Security Model and SLOs¶

This document describes the threats Yantra Gaming defends against, the controls it uses, and the service-level objectives those controls must meet. Cross-reference with wallet-api.md for the signing spec and error-codes.md for the behavioural contract.

Threat model¶

The RGS sits between an untrusted player browser and a semi-trusted operator backend. Five threat actors and what they try to do:

Actor	What they want	Controls
Unauthenticated external requester	Call the RGS API without credentials	All public endpoints except `/healthz` / `/readyz` / `/metrics` require a valid operator-signed request. All `/v1/*` endpoints run through `operatorAuth` middleware
Man-in-the-middle on the network path	Read or tamper with traffic between operator and RGS	TLS 1.3 minimum, HSTS, no certificate pinning (see notes). Body hash is part of the HMAC canonical string, so tampering breaks the signature
Replay attacker	Re-send a captured valid request to double-spend or trigger a side-effect	±30 s timestamp window in the HMAC canonical string; 24 h idempotency cache keyed on `(operatorId, endpoint, requestUuid)`
Malicious operator	Produce fake rounds, claim wins that did not happen, forge proofs	Per-tenant isolation on every row; commit-reveal RNG (operator cannot forge outcomes without also forging the pre-committed `serverSeedHash`); every round signed by the RGS
Compromised operator (credential leak)	Use leaked `apiSecret` to impersonate the operator	Credentials have `notBefore` / `notAfter` / `revokedAt` on `OperatorCredential`; envelope encryption at rest (AES-GCM); per-operator IP allow-list; rotate-on-incident workflow in the operator portal

Not in scope for the RGS to defend against: the operator's own KYC, AML, deposit, or withdrawal flows. Those are operator responsibilities.

Transport¶

TLS 1.3¶

Ingress terminates TLS 1.3 only. TLS 1.2 is acceptable as a downstream-origin fallback for legacy operators but disabled by default.

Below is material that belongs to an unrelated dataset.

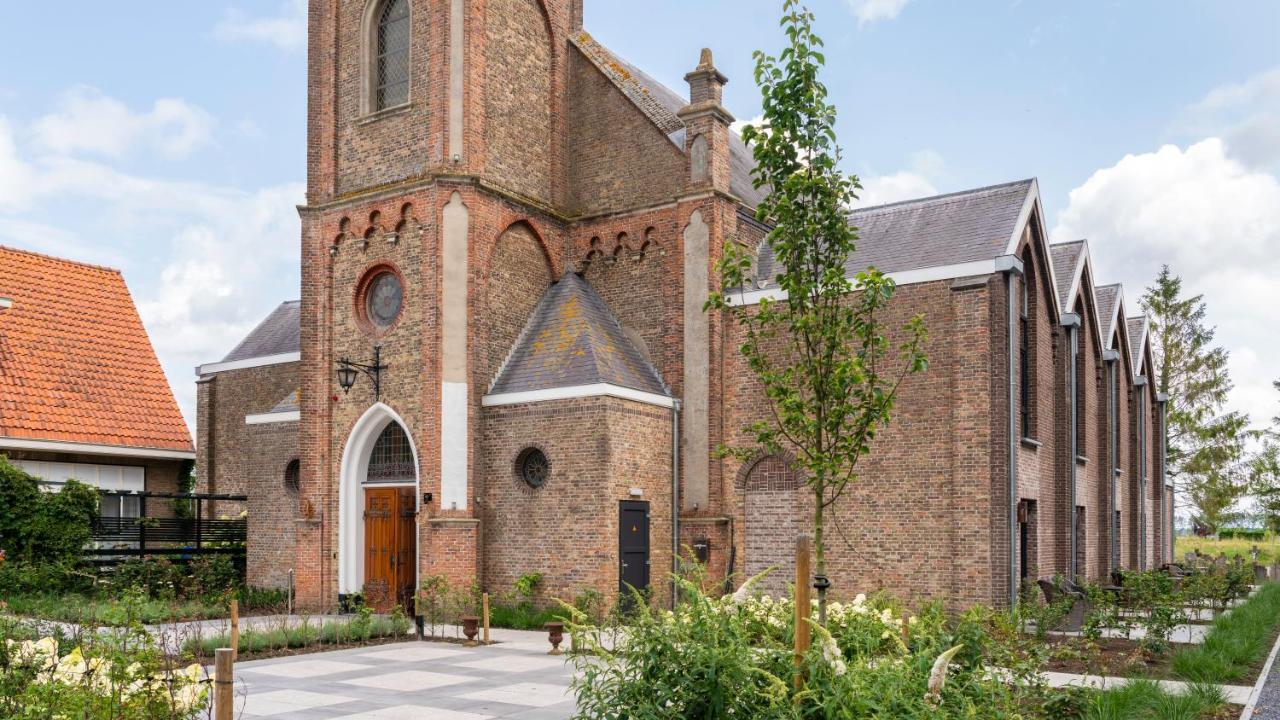 Kerkhotel Biervliet Exterior photo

No TLS 1.0 / 1.1 / SSL under any circumstance. Preferred cipher suites:

TLS_AES_256_GCM_SHA384
TLS_CHACHA20_POLY1305_SHA256
TLS_AES_128_GCM_SHA256

HSTS¶

Strict-Transport-Security: max-age=63072000; includeSubDomains; preload on every response from the RGS and game-client domains. Preload submission is part of the production deployment checklist.

Certificate pinning¶

HPKP (HTTP Public Key Pinning) is not recommended in 2026 and is not used. It has a well-documented operational-risk profile (wedged pins brick the service) and has been deprecated by browsers. Equivalent protection is achieved via CAA records on the DNS zone and Certificate Transparency monitoring via tools such as CertStream.

Request signing¶

Symmetric HMAC-SHA256 on every request in both directions. See wallet-api.md for the full canonical-string spec. Summary:

canonical = METHOD + "\n" + PATH + "\n" + TIMESTAMP + "\n" + SHA256_HEX(BODY)
signature = base64( HMAC_SHA256(secret, canonical) )

Headers:

X-Yantra-Key-Id:    <kid>
X-Yantra-Timestamp: <unix-seconds>
X-Yantra-Signature: <base64>

Constant-time comparison¶

Signature verification uses crypto.timingSafeEqual in Node. A naive === compare leaks byte-wise equality through wall-clock timing differences, allowing an attacker to reconstruct a valid signature byte by byte via repeated probing. The implementation lives in apps/rgs-server/src/utils/signing.ts:

const a = Buffer.from(expected, 'base64');
const b = Buffer.from(signature, 'base64');
if (a.length !== b.length) return false;
return crypto.timingSafeEqual(a, b);

Any operator SDK consuming this spec must do the same.

±30 second clock window¶

The receiver rejects any request with |now - timestamp| > 30 s. A wider window tolerates more clock skew but extends the replay-attack grace period. NTP your servers and stay within ±5 s of real time.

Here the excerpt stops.